Your instructions: Copy the records exactly. Include every line.

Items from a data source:

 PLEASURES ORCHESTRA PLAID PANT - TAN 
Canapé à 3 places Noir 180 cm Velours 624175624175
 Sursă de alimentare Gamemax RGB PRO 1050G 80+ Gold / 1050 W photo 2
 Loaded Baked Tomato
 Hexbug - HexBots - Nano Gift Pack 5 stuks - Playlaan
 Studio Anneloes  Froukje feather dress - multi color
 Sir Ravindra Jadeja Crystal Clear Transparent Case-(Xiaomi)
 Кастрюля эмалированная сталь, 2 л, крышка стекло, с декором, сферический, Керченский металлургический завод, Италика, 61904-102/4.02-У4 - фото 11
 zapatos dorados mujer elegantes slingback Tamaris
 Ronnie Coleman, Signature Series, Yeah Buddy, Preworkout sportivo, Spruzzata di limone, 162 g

Written answer:
 PLEASURES ORCHESTRA PLAID PANT - TAN 
Canapé à 3 places Noir 180 cm Velours 624175624175
 Sursă de alimentare Gamemax RGB PRO 1050G 80+ Gold / 1050 W photo 2
 Loaded Baked Tomato
 Hexbug - HexBots - Nano Gift Pack 5 stuks - Playlaan
 Studio Anneloes  Froukje feather dress - multi color
 Sir Ravindra Jadeja Crystal Clear Transparent Case-(Xiaomi)
 Кастрюля эмалированная сталь, 2 л, крышка стекло, с декором, сферический, Керченский металлургический завод, Италика, 61904-102/4.02-У4 - фото 11
 zapatos dorados mujer elegantes slingback Tamaris
 Ronnie Coleman, Signature Series, Yeah Buddy, Preworkout sportivo, Spruzzata di limone, 162 g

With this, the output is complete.